So is Bush having a Bill Clinton problem?
During Clinton’s second term, Democrats seemed to perfect a delicate dance where they allowed him to raise money for their campaigns but shied away from appearing with their beleaguered president. Even in George H.W. Bush’s administration, Republican senators and governors frequently scattered when he came to town, fearful his low approval rating might be contagious.
“If you want the election to turn local, you don’t want anybody from outside coming in,” Gov. Haley Barbour of Mississippi, a former head of the Republican National Committee, said in an interview. “The president can come in and raise you a whole bunch of money, but (it can) cut against your message if you’re trying to have a local election.”

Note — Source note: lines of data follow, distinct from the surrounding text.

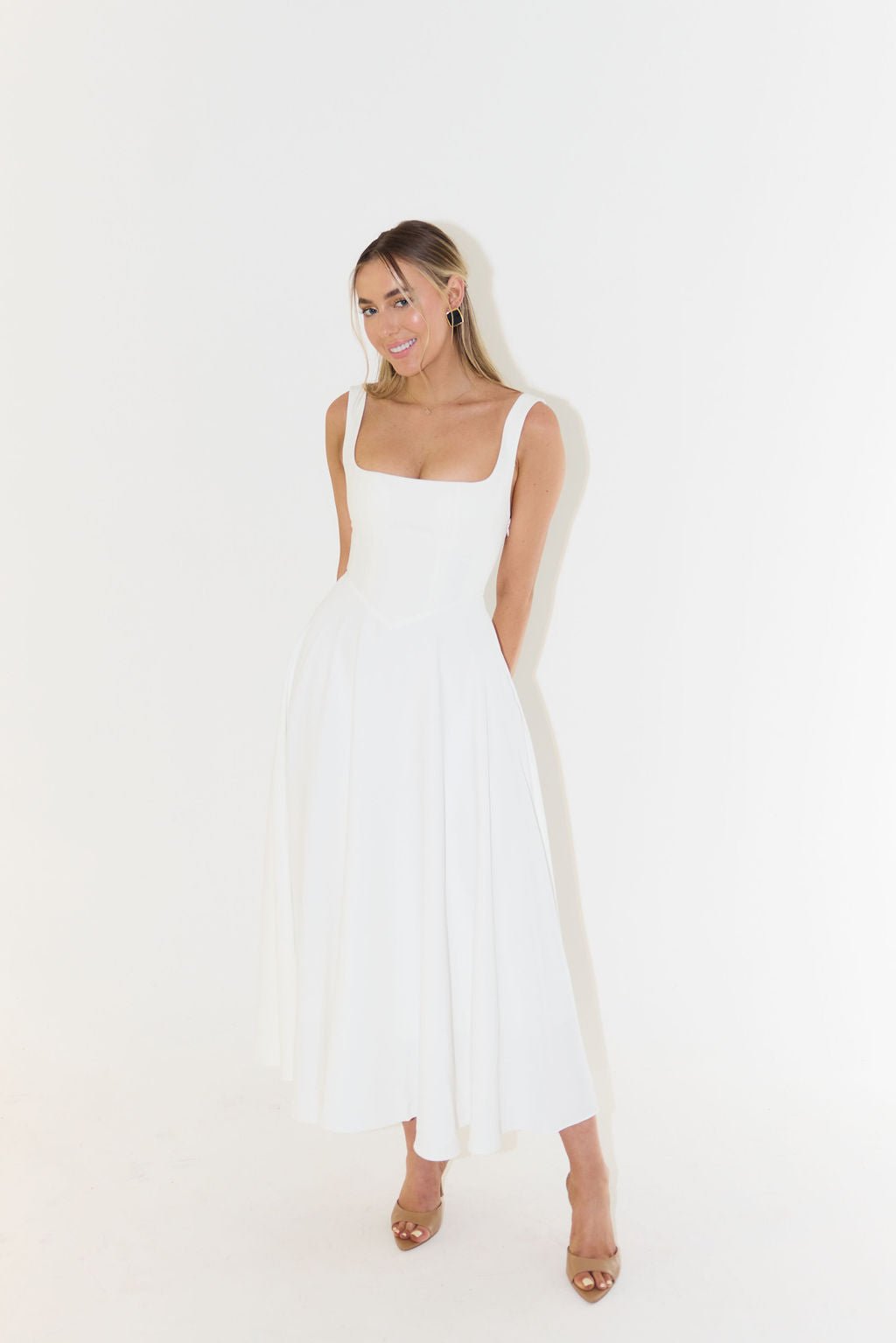 Sofia | Elegante Abito Midi A-Line per Ogni Occasione 0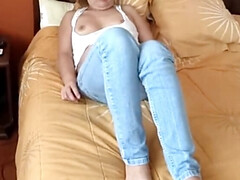 Horny Latina Mom Ardientes69 Takes Off Jeans & Panties to Masturbate - Big Ass Amateur Compilation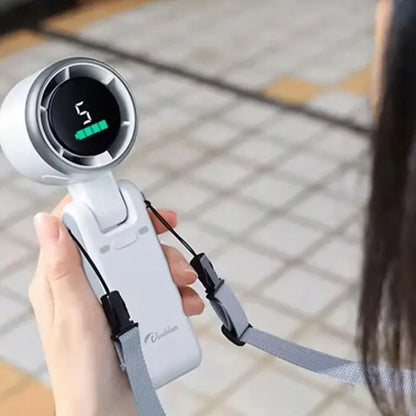 Nešiojamas mini ventiliatorius USB, tylus, WINDSY baltas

Indeed, Democrats are eager to nationalize the midterm elections, hoping to paint at-risk GOP candidates as a “rubber stamp” for the Bush administration. As Republicans fight to hold their majorities in the House and Senate, a key objective is to attempt to insulate candidates from any ill will or national mood swing against the president or his party.
It’s not just Bush. When Vice President Dick Cheney arrived in New Jersey last month for a fundraiser, Republican senate candidate Tom Kean Jr. arrived 15 minutes after Cheney’s motorcade departed. The excuse of congested roads didn’t wash with local traffic reporters, who suggested other routes could have gotten Kean to the event on time.
While Bush and Cheney remain popular in most Republican circles and many candidates or officeholders would be delighted to host them, there also are districts in some parts of the country where GOP political strategists are fashioning a backup plan to build upon a successful strategy from the 2004 campaign: Send Laura Bush.
“Is the first lady more popular in suburban districts and the Northeast? Yes,” said a senior Republican strategist close to the White House. “While the average donor in Cincinnati might have six pictures of the vice president, they may not have any of her and they’d be excited to see her.”
White House spokesman Scott McClellan dismissed suggestions that candidates were keeping their distance, noting that DeWine, the Ohio senator, was seated near Bush when he threw out the ceremonial first pitch on the Cincinnati Reds’ opening day. He said supply – the number of GOP events Bush is invited to – exceeds demand. “The president is getting requests on a daily basis,” McClellan said, “much like he has in the past.”
For all the consternation among some Republicans about how closely to navigate their races to the administration, a presidential visit remains irreplaceable, particularly for raising money. And it has been made known that even if candidates don’t want to appear in public with the president or vice president, the White House will still help raise money in competitive races.
Terry Nelson, the political director for the Bush campaign in 2004 who is now a strategist in several congressional races, said he believed candidates who attempted to distance themselves from Bush were making a tactical error. “If the president is going to hurt Republican candidates, he’s going to do that,” Nelson said. “Not standing on a stage with him isn’t going to change things.”
Earlier last week, after word spread that Topinka wasn’t eager to be seen with Bush, she placed a call to the White House and personally invited the president to campaign with her. A Republican strategist close to the White House said her request would be “added to the long list.”